Now, I’m not an expert on either of these applications and it may well be that, given that I didn’t pay any attention to paragraph styles and options when I wrote the manuscript in Word, there may well be some weird junk within the DOC file that carried through to Open Office and which may have caused the poor results in these applications. But since I’ve read of poor results from some of the online options, I’m inclined to think that I’m not a once-off case, given that these sites may well use the same conversion engines as Calibre and eCub do.

As it was, after a lot of messing around, I decided to go the manual route and convert my novels myself. Fortunately, I know a little about xhtml and CSS, having created my website by hand.

So, without further ado, here are the steps. This is for a word document. I couldn’t find a way in Open Office’s Write to search and replace an end-of-paragraph marker.

Manual Conversion of a Word Document to epub Format.

This is for a novel manuscript (like a paperback novel) with no images, which is in a word document. Ideally, if it is double spaced, convert it to single space. The manuscripts I worked from were prepared for conversion to PDF for printing on

Googling for epub creation will bring you to Jedisaber’s tutorial and he is linked to from a number of sites as well, but his tutorial isn’t really a tutorial, it’s just a list of all the files required and some information about them. On top of that, the sample zip file he provides doesn’t cut it with the epubcheck program which any epub file has to pass to get into iBookstore. My sample zips are based on his file and I follow his conventions, but they pass muster with epubcheck:

You can get the three zip files I’ve mentioned here and below from these links:

template, template_prologue, template_chapter.

So let’s look at a novel manuscript that has been prepared for self-publishing. Typically, you will have a title and author page, a copyright page (possibly including ISBN information) and perhaps some additional information on those or other pages at the start, such as other books you have written or something about yourself, your website etc. Perhaps you will have a Table of Contents and some other odds and sods. Then you have the novel itself, starting with a prologue perhaps, then the chapters, and ending possibly with epilogue. Each chapter may have its own title or just be Chapter One for example. For the purposes of this tutorial, my manuscripts have a title page (Title and Author) and a copyright page followed by the chapters titled as CHAPTER 1, CHAPTER 2 etc.

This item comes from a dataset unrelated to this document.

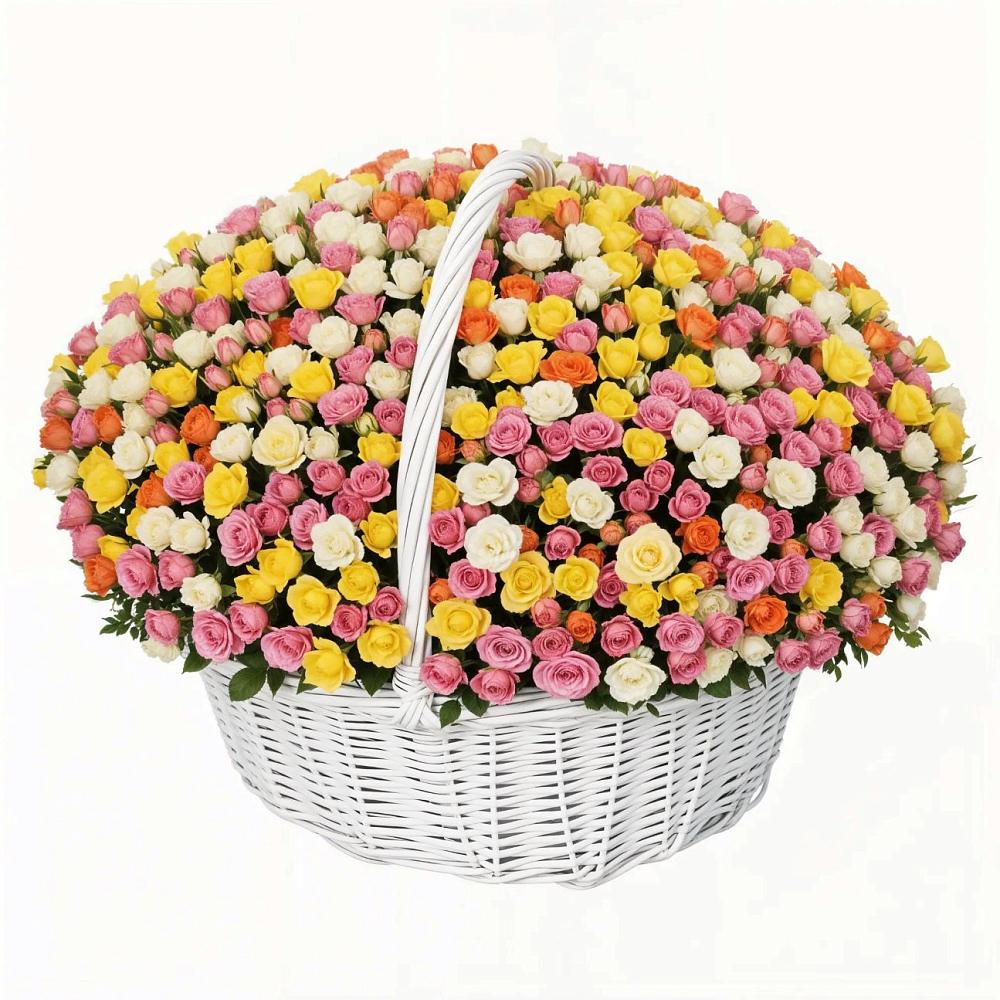 Премиум букет из: Розы в Комаричах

In each scene within a chapter the first paragraph is not indented, but the following are, and each scene is separated by * * * unless the scene ends at the end of the chapter (obviously). And that’s it. Most novels are fairly straight forward when you look at them and the only other things to consider are italics and possibly bolded text.

The conversion process is to:

  1. Prepare your word document to be in xhtml format.
  2. Convert to text using UTF-8 unicode.
  3. Edit the text file to complete the xhtml formatting.
  4. Separate out the title page, copyright page and chapter sections and insert them into individual xhtml files.
  5. Create a content.opf file and a table of contents file - toc.ncx.
  6. Create a directory for your epub book and populate it with the required files and directories, including your xhtml files.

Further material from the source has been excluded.